**RECORDED DATA**

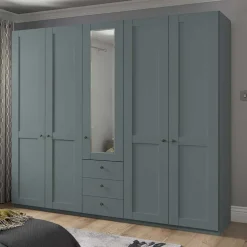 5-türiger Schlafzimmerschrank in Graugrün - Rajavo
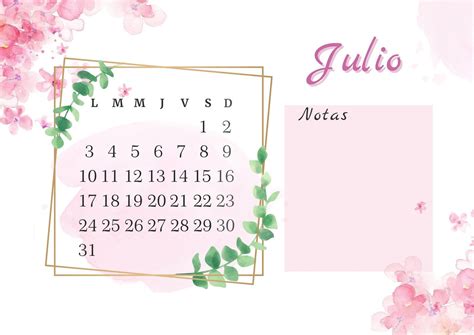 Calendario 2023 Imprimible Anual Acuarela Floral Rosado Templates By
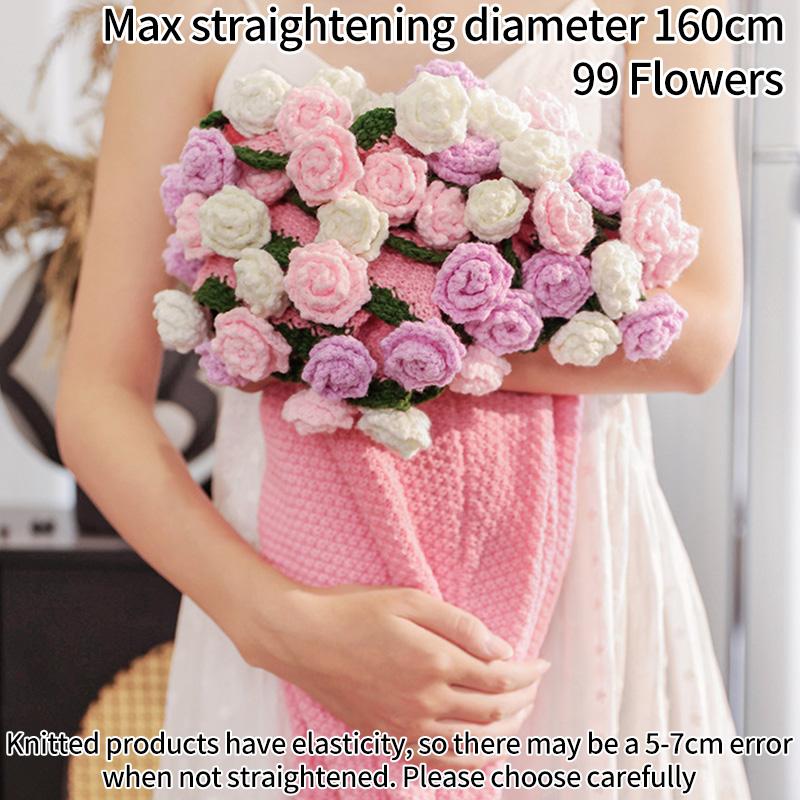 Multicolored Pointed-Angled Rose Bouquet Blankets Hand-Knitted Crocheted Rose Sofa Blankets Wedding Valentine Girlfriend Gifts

...

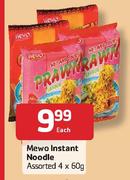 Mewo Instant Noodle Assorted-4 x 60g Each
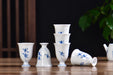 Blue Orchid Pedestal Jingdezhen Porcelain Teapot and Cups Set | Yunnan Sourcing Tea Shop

**EXERCISE DETAILS**
Starting with the line that has "5-türiger Schlafzimmerschrank in" and ending with the line that has "Multicolored Pointed-Angled Rose", repeat the lines above exactly, omitting every picture.

**RESPONSE**
 5-türiger Schlafzimmerschrank in Graugrün - Rajavo
 Calendario 2023 Imprimible Anual Acuarela Floral Rosado Templates By
 Multicolored Pointed-Angled Rose Bouquet Blankets Hand-Knitted Crocheted Rose Sofa Blankets Wedding Valentine Girlfriend Gifts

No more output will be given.